C. Dean Little filed a brief for Northwest Independent Forest Manufacturers et al. as amici curiae urging affirmance.
JUSTICE WHITE announced the judgment of the Court and delivered the opinion of the Court with respect to Parts I and II, and an opinion with respect to Parts III and IV, in which JUSTICE BRENNAN, JUSTICE BLACKMUN, and JUSTICE STEVENS joined. [467 U.S. 82, 84]
We granted certiorari in this case to review a decision of the Court of Appeals for the Ninth Circuit that held that Alaska's requirement that timber taken from state lands be processed within the State prior to export was "implicitly authorized" by Congress and therefore does not violate the Commerce Clause.
In September 1980, the Alaska Department of Natural Resources published a notice that it would sell approximately 49 million board-feet of timber in the area of Icy Cape, Alaska, on October 23, 1980. The notice of sale, the prospectus, and the proposed contract for the sale all provided, pursuant to 11 Alaska Admin. Code 76.130 (1974), that "[p]rimary manufacture within the State of Alaska will be required as a special provision of the contract." 1 App. 35a. Under the primary-manufacture requirement, the successful bidder must partially process the timber prior to shipping it outside of the State. 2 The requirement is imposed by contract and [467 U.S. 82, 85] does not limit the export of unprocessed timber not owned by the State. The stated purpose of the requirement is to "protect existing industries, provide for the establishment of new industries, derive revenue from all timber resources, and manage the State's forests on a sustained yield basis." Governor's Policy Statement, App. 28a. When it imposes the requirement, the State charges a significantly lower price for the timber than it otherwise would. Brief for Respondents 6-7.

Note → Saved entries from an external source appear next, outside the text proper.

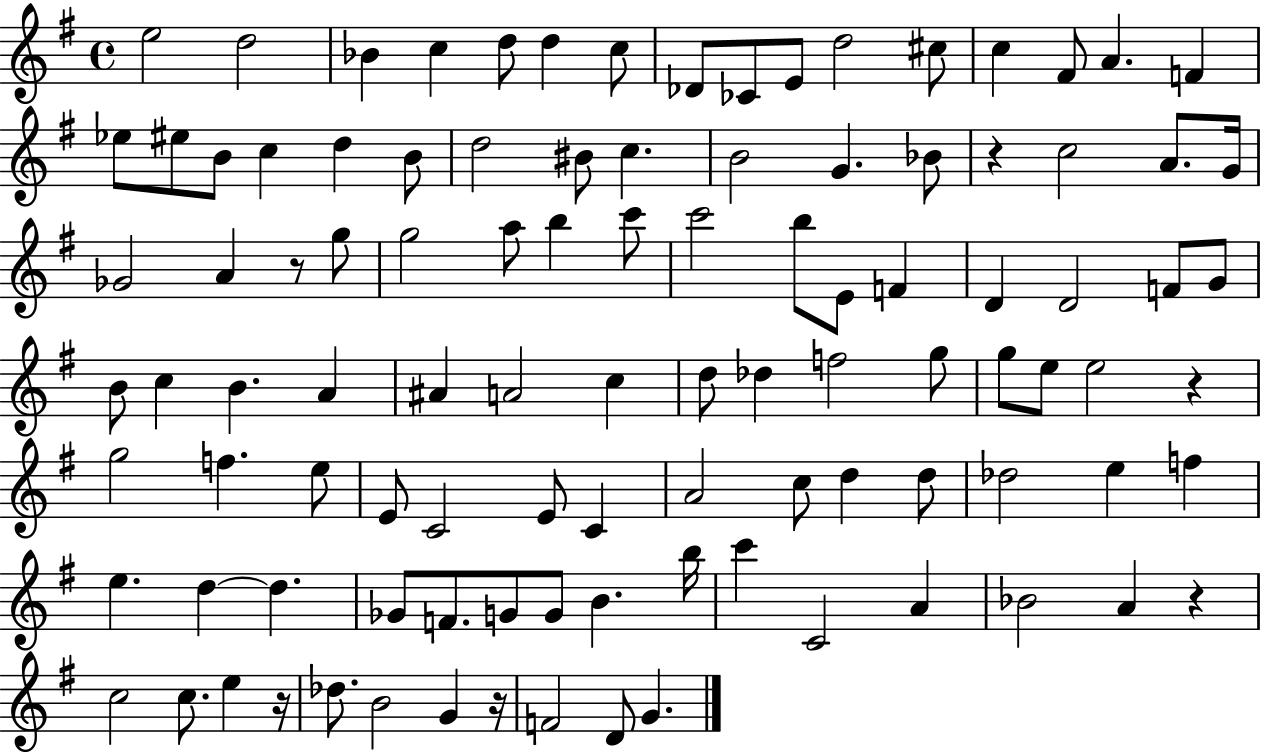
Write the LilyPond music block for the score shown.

{
  \clef treble
  \time 4/4
  \defaultTimeSignature
  \key g \major
  e''2 d''2 | bes'4 c''4 d''8 d''4 c''8 | des'8 ces'8 e'8 d''2 cis''8 | c''4 fis'8 a'4. f'4 | \break ees''8 eis''8 b'8 c''4 d''4 b'8 | d''2 bis'8 c''4. | b'2 g'4. bes'8 | r4 c''2 a'8. g'16 | \break ges'2 a'4 r8 g''8 | g''2 a''8 b''4 c'''8 | c'''2 b''8 e'8 f'4 | d'4 d'2 f'8 g'8 | \break b'8 c''4 b'4. a'4 | ais'4 a'2 c''4 | d''8 des''4 f''2 g''8 | g''8 e''8 e''2 r4 | \break g''2 f''4. e''8 | e'8 c'2 e'8 c'4 | a'2 c''8 d''4 d''8 | des''2 e''4 f''4 | \break e''4. d''4~~ d''4. | ges'8 f'8. g'8 g'8 b'4. b''16 | c'''4 c'2 a'4 | bes'2 a'4 r4 | \break c''2 c''8. e''4 r16 | des''8. b'2 g'4 r16 | f'2 d'8 g'4. | \bar "|."
}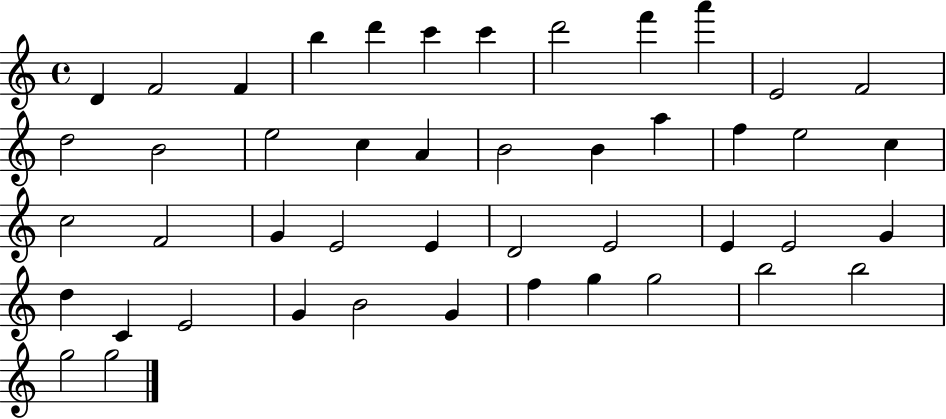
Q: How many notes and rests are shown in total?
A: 46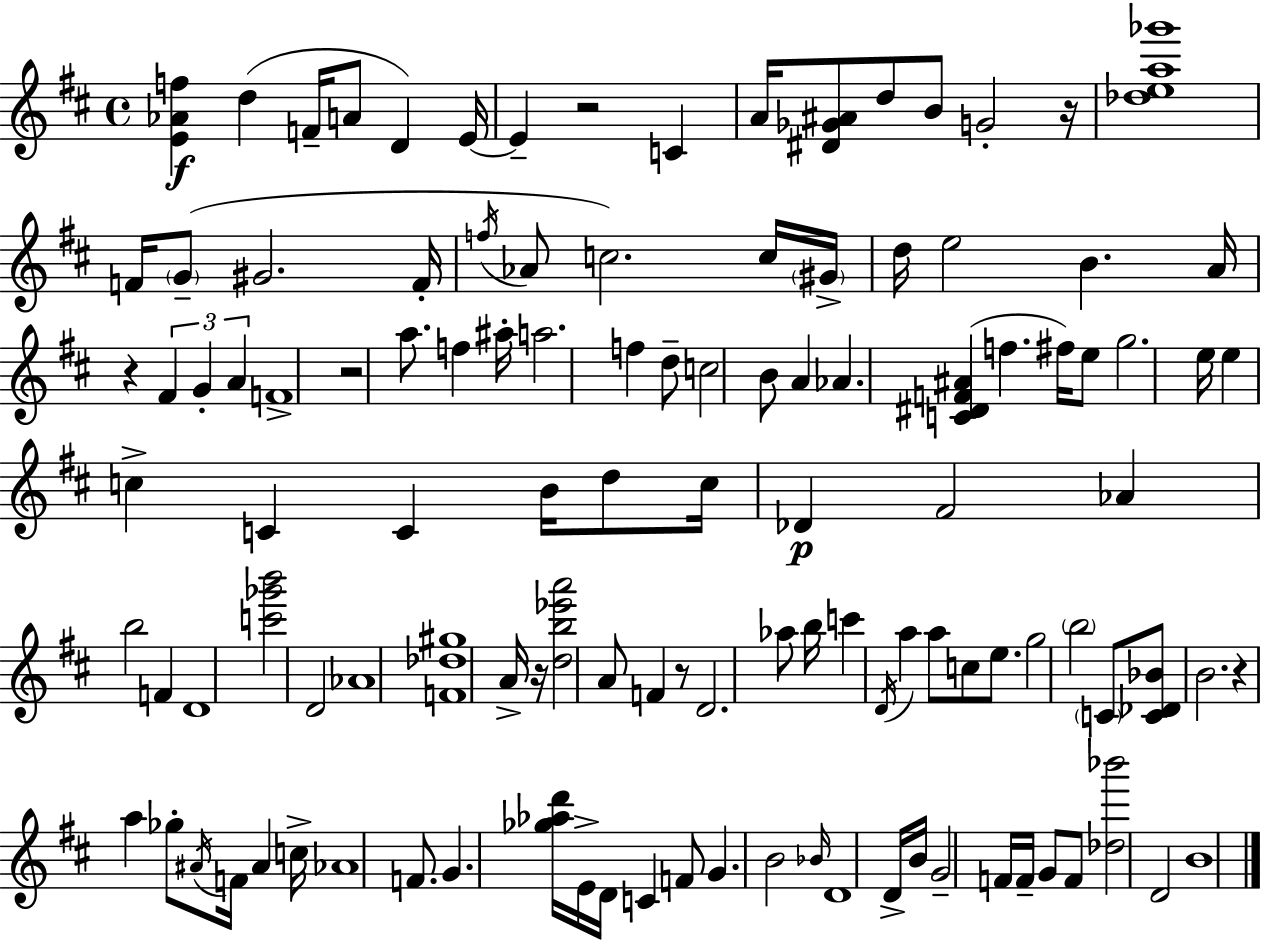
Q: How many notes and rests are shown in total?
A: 117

The major method of complying with the primary-manufacture requirement is to convert the logs into cants, which are logs slabbed on at least one side. In order to satisfy the Alaska requirement, cants must be either sawed to a maximum thickness of 12 inches or squared on four sides along their entire length. 3
Petitioner, South-Central Timber Development, Inc., is an Alaska corporation engaged in the business of purchasing standing timber, logging the timber, and shipping the logs into foreign commerce, almost exclusively to Japan. 4 It [467 U.S. 82, 86] does not operate a mill in Alaska and customarily sells unprocessed logs. When it learned that the primary-manufacture requirement was to be imposed on the Icy Cape sale, it brought an action in Federal District Court seeking an injunction, arguing that the requirement violated the negative implications of the Commerce Clause. 5 The District Court [467 U.S. 82, 87] agreed and issued an injunction. South-Central Timber Development, Inc. v. LeResche, 511 F. Supp. 139 (Alaska 1981). The Court of Appeals for the Ninth Circuit reversed, finding it unnecessary to reach the question whether, standing alone, the requirement would violate the Commerce Clause, because it found implicit congressional authorization in the federal policy of imposing a primary-manufacture requirement on timber taken from federal land in Alaska. South-Central Timber Development, Inc. v. LeResche, 693 F.2d 890 (1982).

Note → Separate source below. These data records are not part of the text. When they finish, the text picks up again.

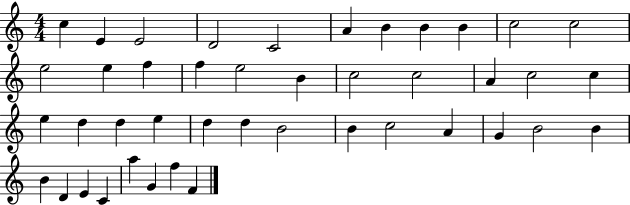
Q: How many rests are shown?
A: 0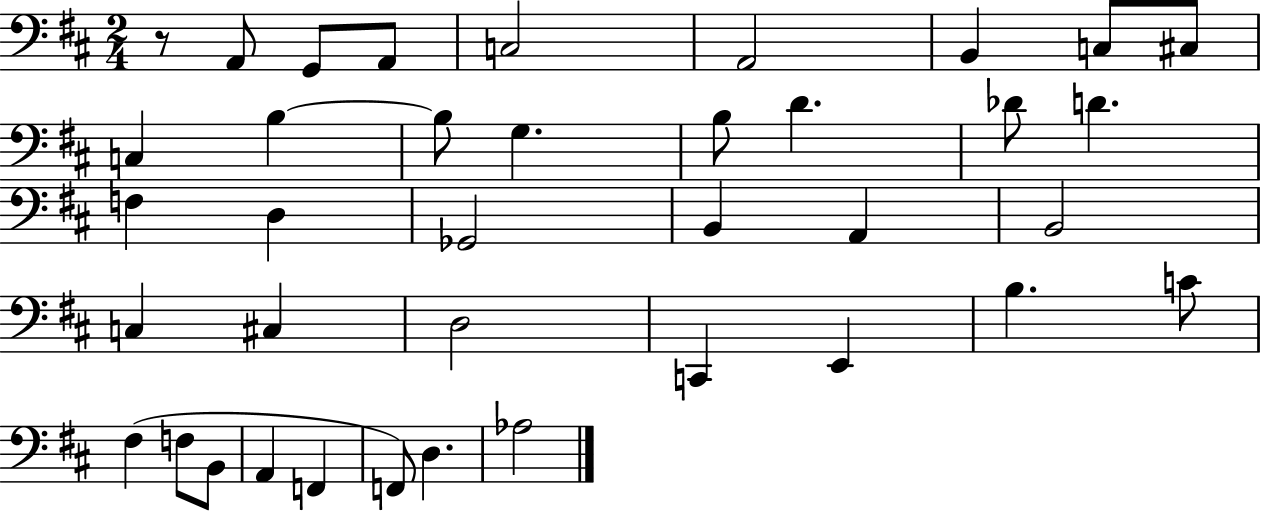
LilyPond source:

{
  \clef bass
  \numericTimeSignature
  \time 2/4
  \key d \major
  \repeat volta 2 { r8 a,8 g,8 a,8 | c2 | a,2 | b,4 c8 cis8 | \break c4 b4~~ | b8 g4. | b8 d'4. | des'8 d'4. | \break f4 d4 | ges,2 | b,4 a,4 | b,2 | \break c4 cis4 | d2 | c,4 e,4 | b4. c'8 | \break fis4( f8 b,8 | a,4 f,4 | f,8) d4. | aes2 | \break } \bar "|."
}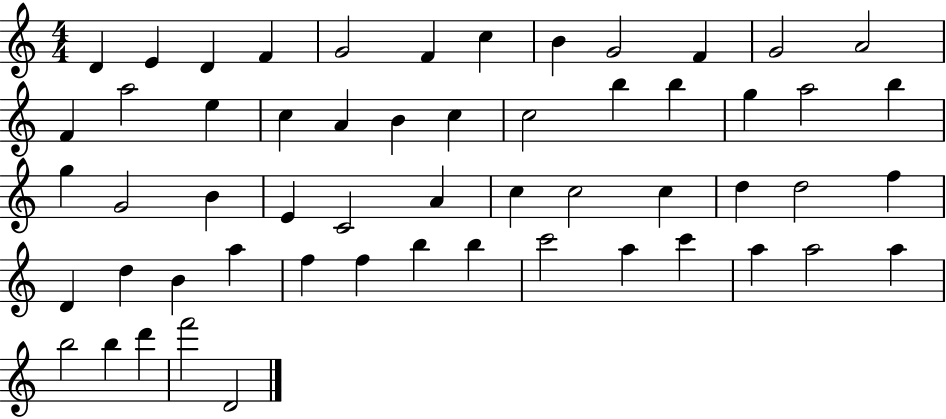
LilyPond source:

{
  \clef treble
  \numericTimeSignature
  \time 4/4
  \key c \major
  d'4 e'4 d'4 f'4 | g'2 f'4 c''4 | b'4 g'2 f'4 | g'2 a'2 | \break f'4 a''2 e''4 | c''4 a'4 b'4 c''4 | c''2 b''4 b''4 | g''4 a''2 b''4 | \break g''4 g'2 b'4 | e'4 c'2 a'4 | c''4 c''2 c''4 | d''4 d''2 f''4 | \break d'4 d''4 b'4 a''4 | f''4 f''4 b''4 b''4 | c'''2 a''4 c'''4 | a''4 a''2 a''4 | \break b''2 b''4 d'''4 | f'''2 d'2 | \bar "|."
}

We must first decide whether the court was correct in concluding that Congress has authorized the challenged requirement. If Congress has not, we must respond to respondents' submission that we should affirm the judgment on two grounds not reached by the Court of Appeals: (1) whether in the absence of congressional approval Alaska's requirement is permissible because Alaska is acting as a market participant, rather than as a market regulator; and (2), if not, whether the local-processing requirement is forbidden by the Commerce Clause.
Although the Commerce Clause is by its text an affirmative grant of power to Congress to regulate interstate and foreign commerce, the Clause has long been recognized as a self-executing limitation on the power of the States to enact laws imposing substantial burdens on such commerce. See Lewis v. BT Investment Managers, Inc.,
Since 1928, the Secretary of Agriculture has restricted the export of unprocessed timber cut from National Forest lands in Alaska. The current regulation, upon which the State places heavy reliance, provides:
Alaska argues that federal statutes and regulations demonstrate an affirmative expression of approval of its primary-manufacture requirement for three reasons: (1) federal timber export policy has, since 1928, treated federal timber land in Alaska differently from that in other States; (2) the Federal Government has specifically tailored its policies to ensure development of wood-processing capacity for utilization of timber from the National Forests; and (3) the regulation forbidding without prior approval the export from Alaska of unprocessed timber or its shipment to other States demonstrates that it is the Alaska wood-processing industry in particular, not the domestic wood-processing industry generally, that has been the object of federal concern.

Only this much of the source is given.